Historically Black Colleges and Universities (HBCUs) arose in the mid-19th century to educate African American students barred from the majority colleges and universities of the time (Thelin, 2004; Gasman & Conrad, 2013). Though the federal government outlawed de facto segregation in the mid-20th century, HBCUs continue to fulfill the function of educating and graduating students of all genders, races, ethnicities, and socioeconomic backgrounds. HBCUs offer the necessary capacity for increasing the number of baccalaureate degree holders critical to the knowledge-based workforce of the present and future state and national economies. The ability of HBCUs to meet this mission is threatened by federal and state funding disparities that have beleaguered these institutions since their inception. Public HBCUs rely on state allocations for a significant percentage of their revenue (Sav, 2006; Brady, Eatman, & Parker, 2000). It is for these economic reasons that the adoption of performance-based funding is a critical concern to public HBCUs.

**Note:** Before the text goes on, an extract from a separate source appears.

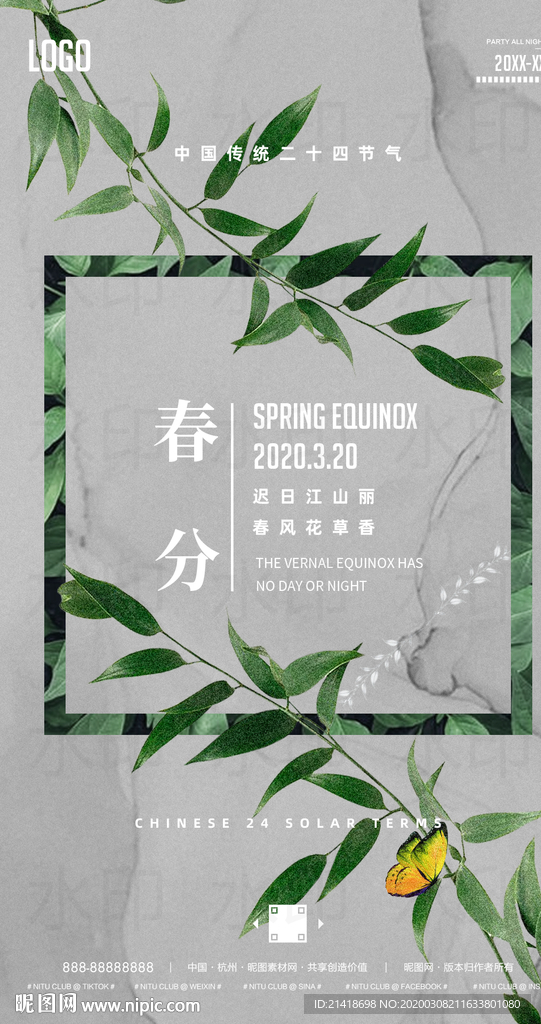 春分惊蛰节气创意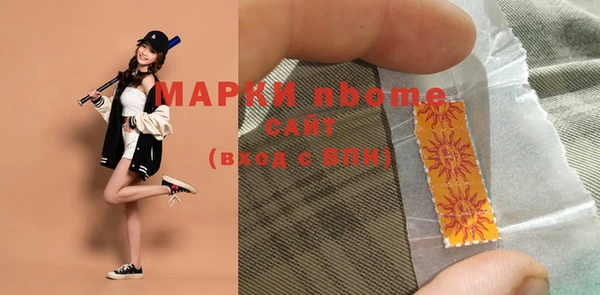 бутират Армянск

Performance-based funding is a finance policy wherein the state body responsible for allocating state money to public colleges and universities ties a percentage of that funding to the institution meeting specific performance targets. States have experimented with some form of performance-based funding since Tennessee adopted this funding mechanism in 1979. Though more than half of the states that experimented with performance-based funding did not continue this policy for long, interest in it has been growing over the past decade. Presently 30 states have initiated some form of performance funding. Four states are transitioning towards its implementation, while others are in discussions to initiate it (National Conference of State Legislatures [NCSL], 2015). Many higher education researchers have explored the motives for and impact of performance-based funding. Yet few have assessed how this funding mechanism has affected historically black colleges and universities (HBCUs).

This study seeks to examine the impact of performance funding on public HBCUs in six states. The primary questions this study seeks to answer are: how have public HBCUs responded to performance-based funding? Has this funding policy caused them to change institutional behavior? Did it lead to changes in public HBCU output metrics? Were policymakers attentive to unique mission of HBCUs when crafting this method for allocating state funds? How do HBCUs perceive the creation and implementation of performance funding? This chapter also explores the political motivations behind the implementation of performance-based funding. This study begins with an overview of performance-based funding in the U.S. and extant research on its development and impact. This is followed by a brief discussion of historical state funding of HBCUs. The chapter then introduces the theoretical framework that will help to contextualize the results of the study. From there, the chapter explains the results derived from qualitative methods. It concludes with a discussion of the deeper meanings of the study findings, pathways for future research, and recommendations to both HBCUs and state governing bodies responsible for the development of higher education finance policies.